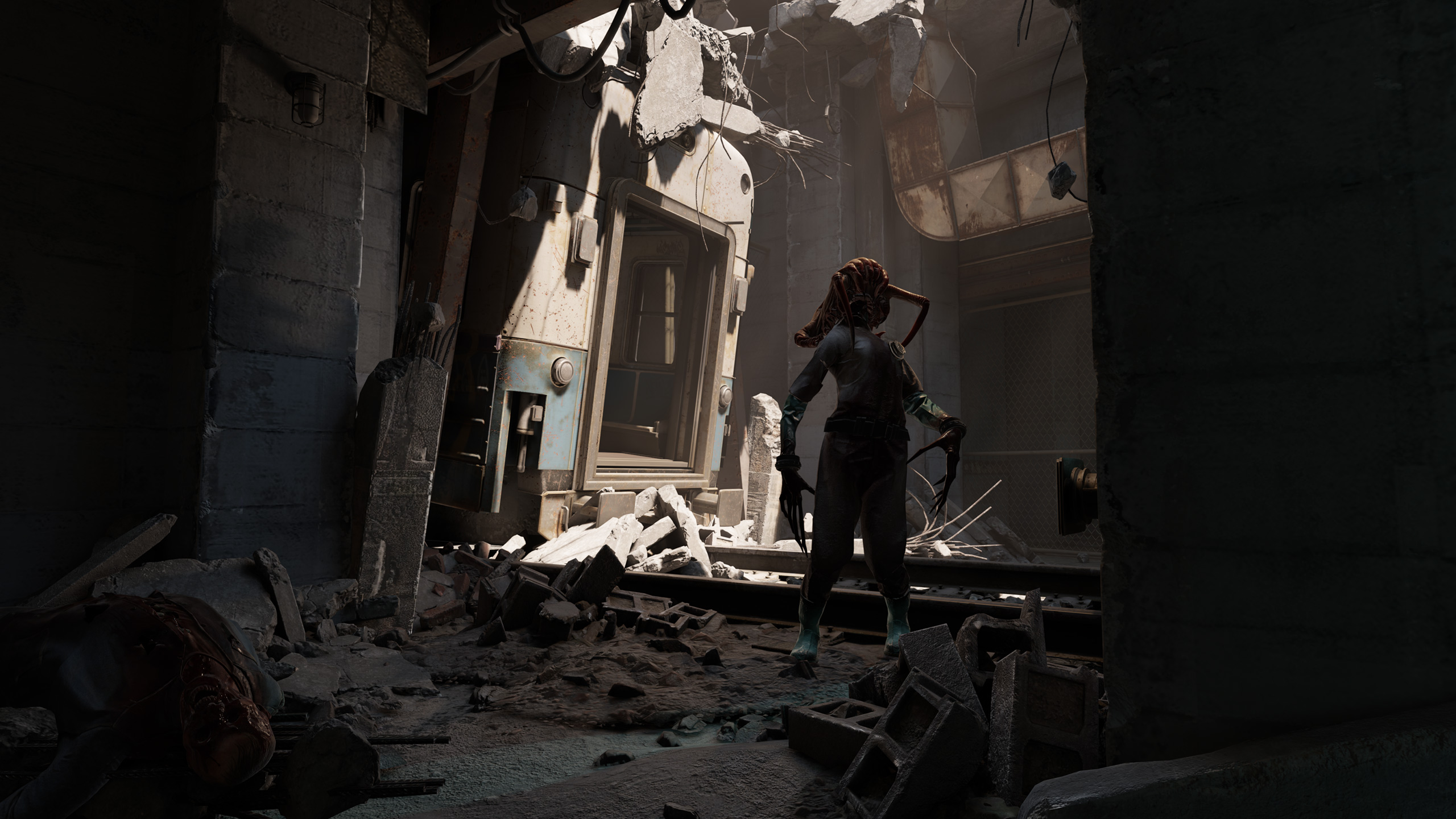 Скриншот из игры Half-Life: Alyx - 48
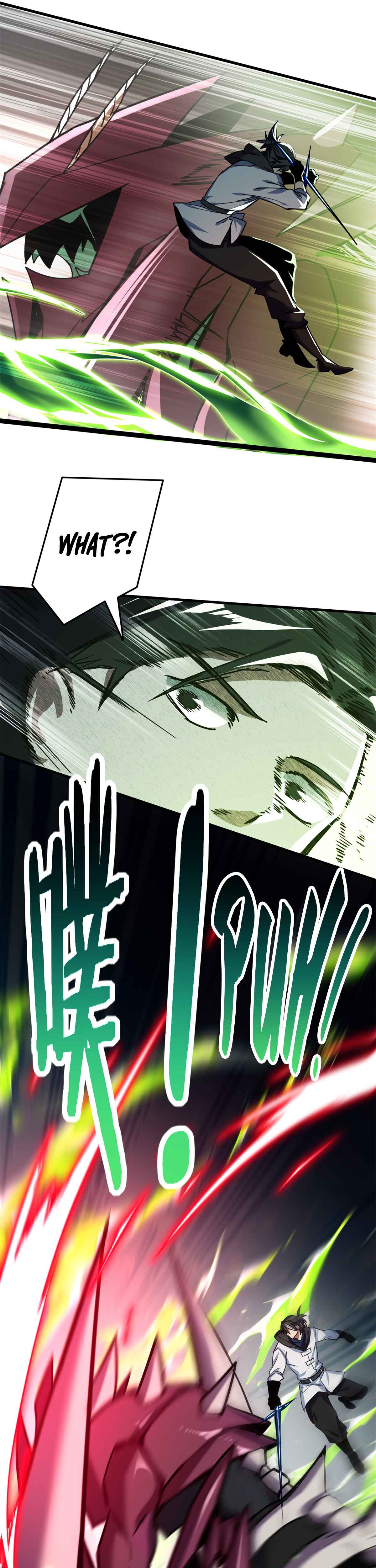 I Just Want to Game in Peace Chapter 30 - Page 21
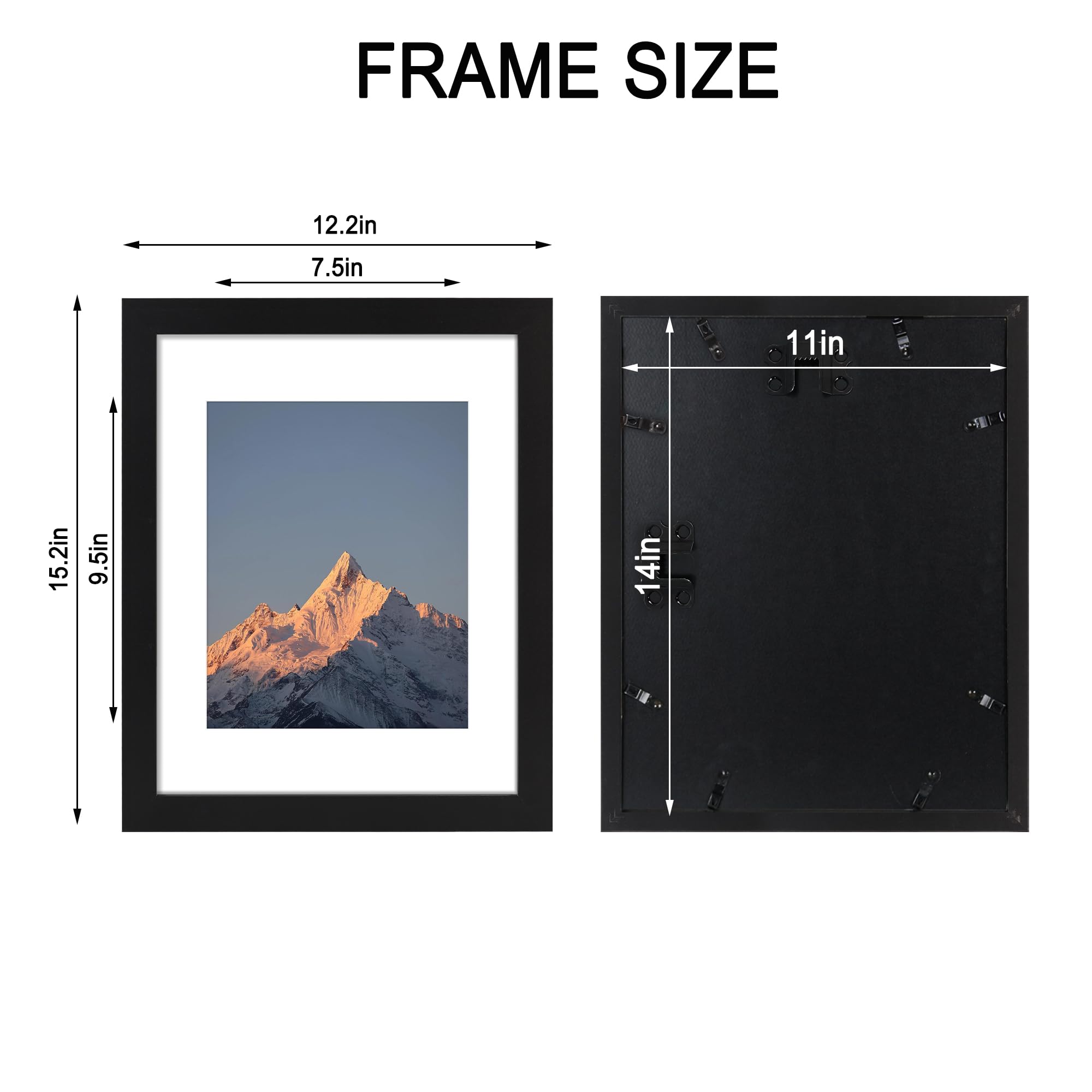 SZYUU tabletop easel setup demonstrating portrait orientation and stable tabletop display
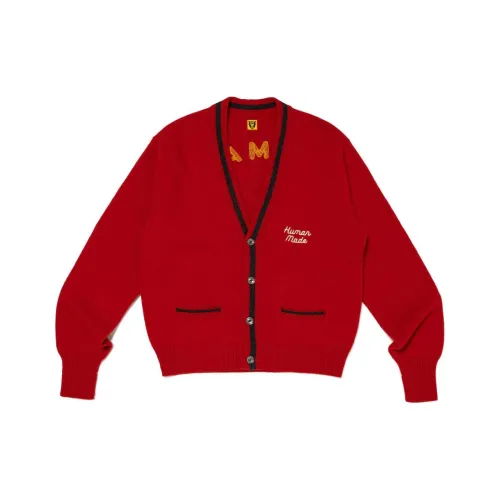 HUMAN MADE Car Club Cardigan
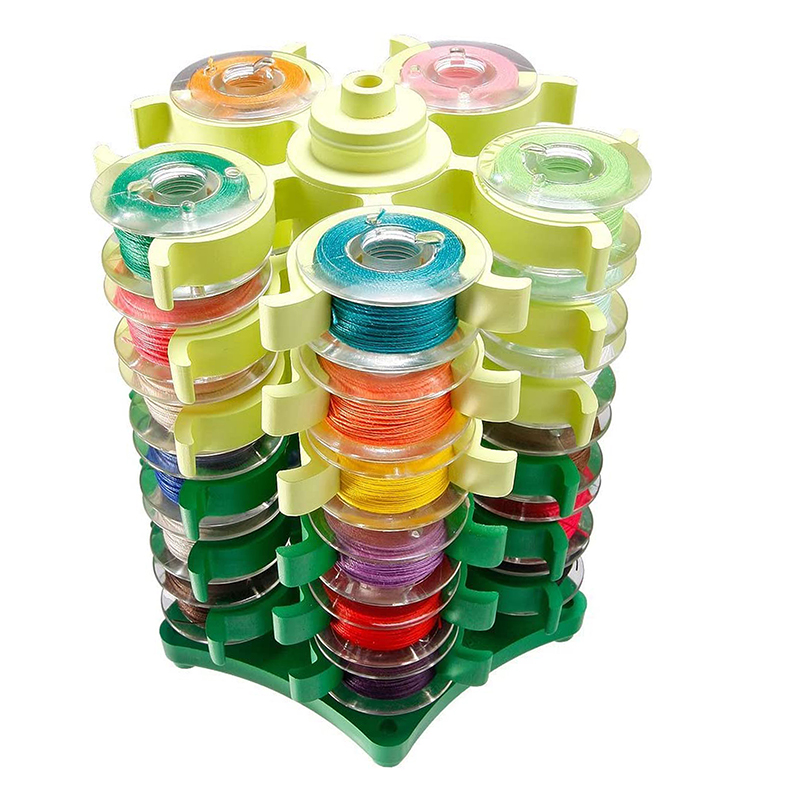 Aufbewahrung sclip Ständer Näh – Cotton Embroidery Thread Skeins Bewertung und Preis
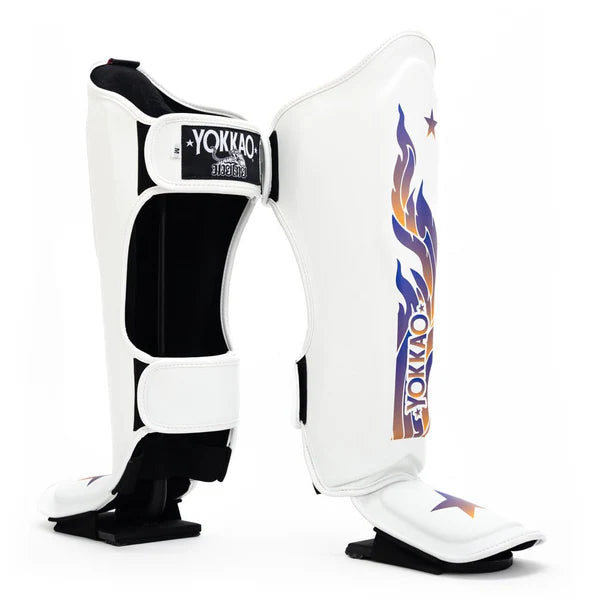 The Flame Shin White Guards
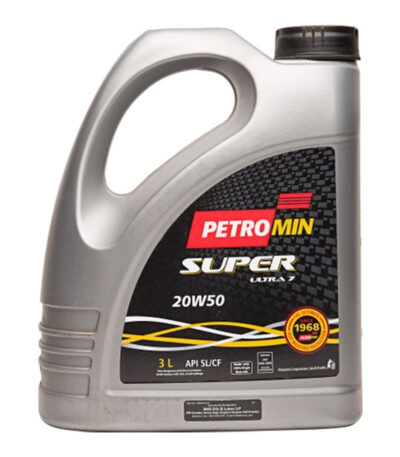 Petromin A1 Super Synthetic Oil 20w50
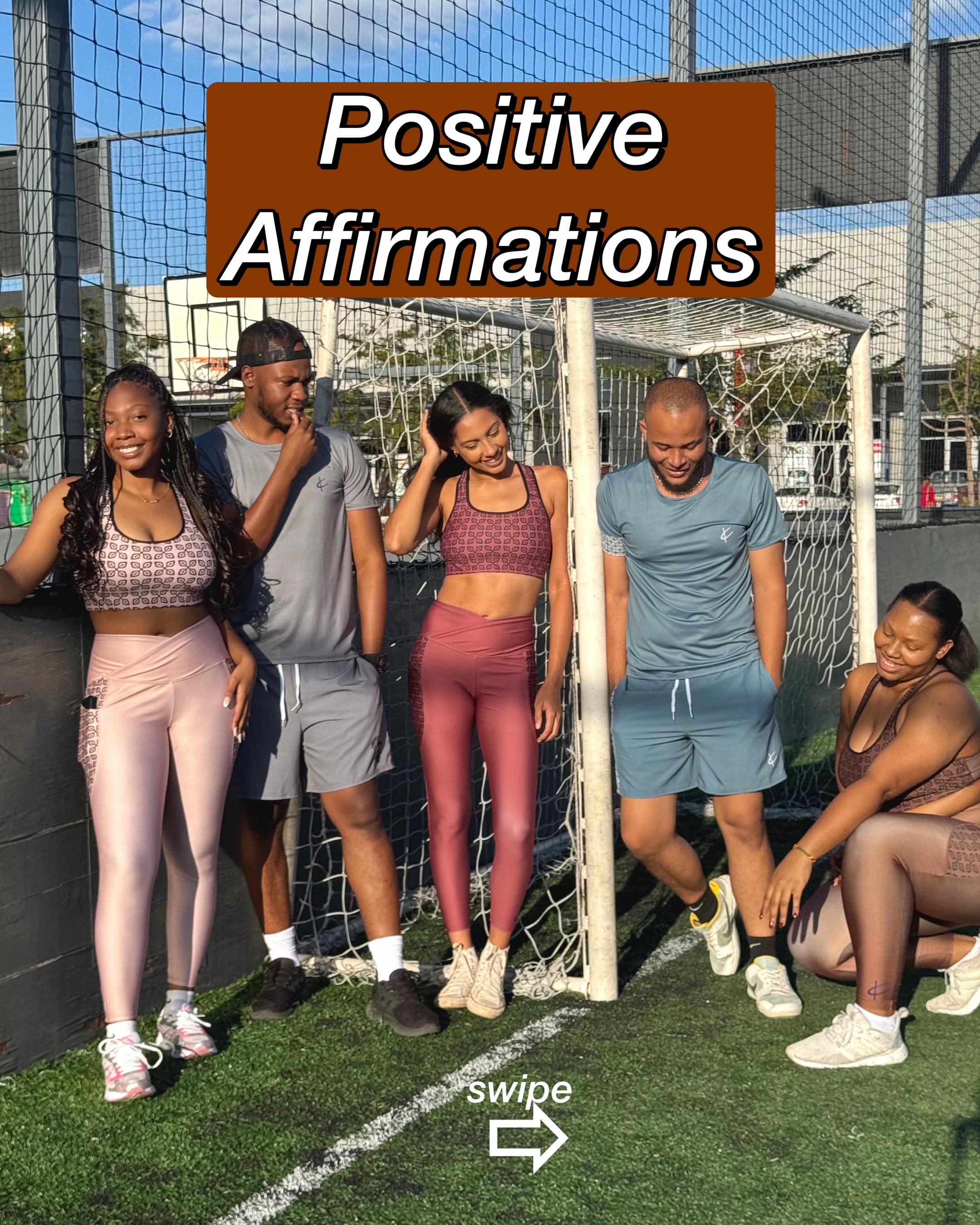 @KC Sportswear - Culture Fit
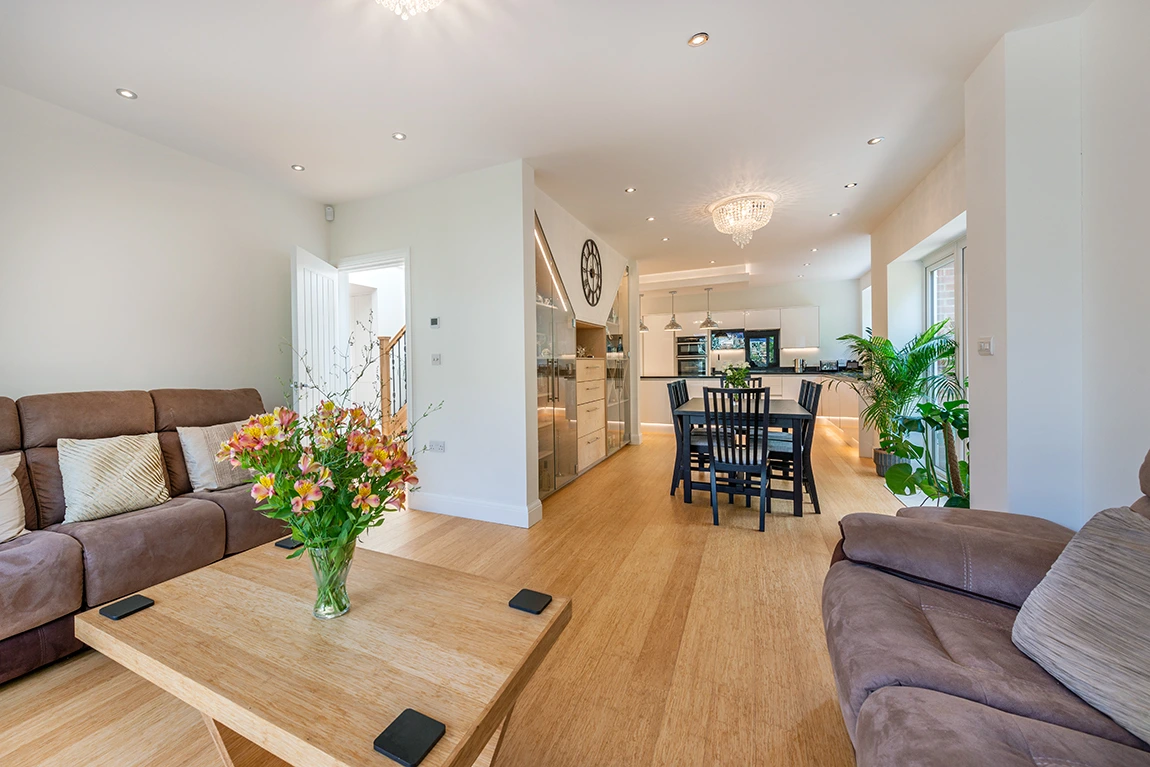 New build architects in London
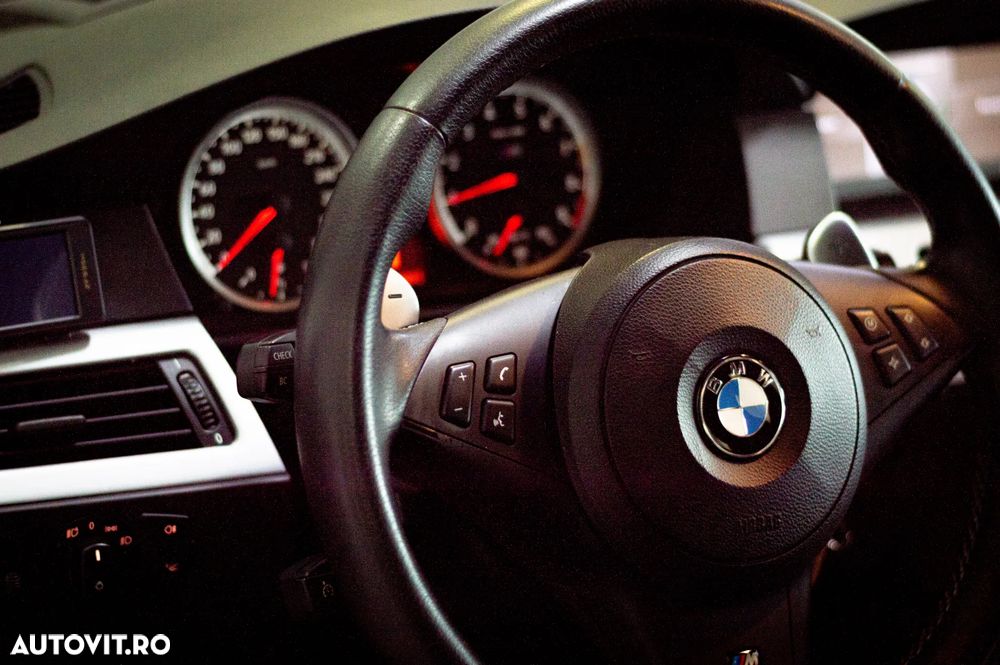 BMW M5 Aut. - 10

§ **EXERCISE DIRECTIONS**
None of the pictures should appear; the rest of the entries must be reproduced exactly.

§ **TASK OUTPUT**
 Скриншот из игры Half-Life: Alyx - 48
 I Just Want to Game in Peace Chapter 30 - Page 21
 SZYUU tabletop easel setup demonstrating portrait orientation and stable tabletop display
 HUMAN MADE Car Club Cardigan
 Aufbewahrung sclip Ständer Näh – Cotton Embroidery Thread Skeins Bewertung und Preis
 The Flame Shin White Guards
 Petromin A1 Super Synthetic Oil 20w50
 @KC Sportswear - Culture Fit
 New build architects in London
 BMW M5 Aut. - 10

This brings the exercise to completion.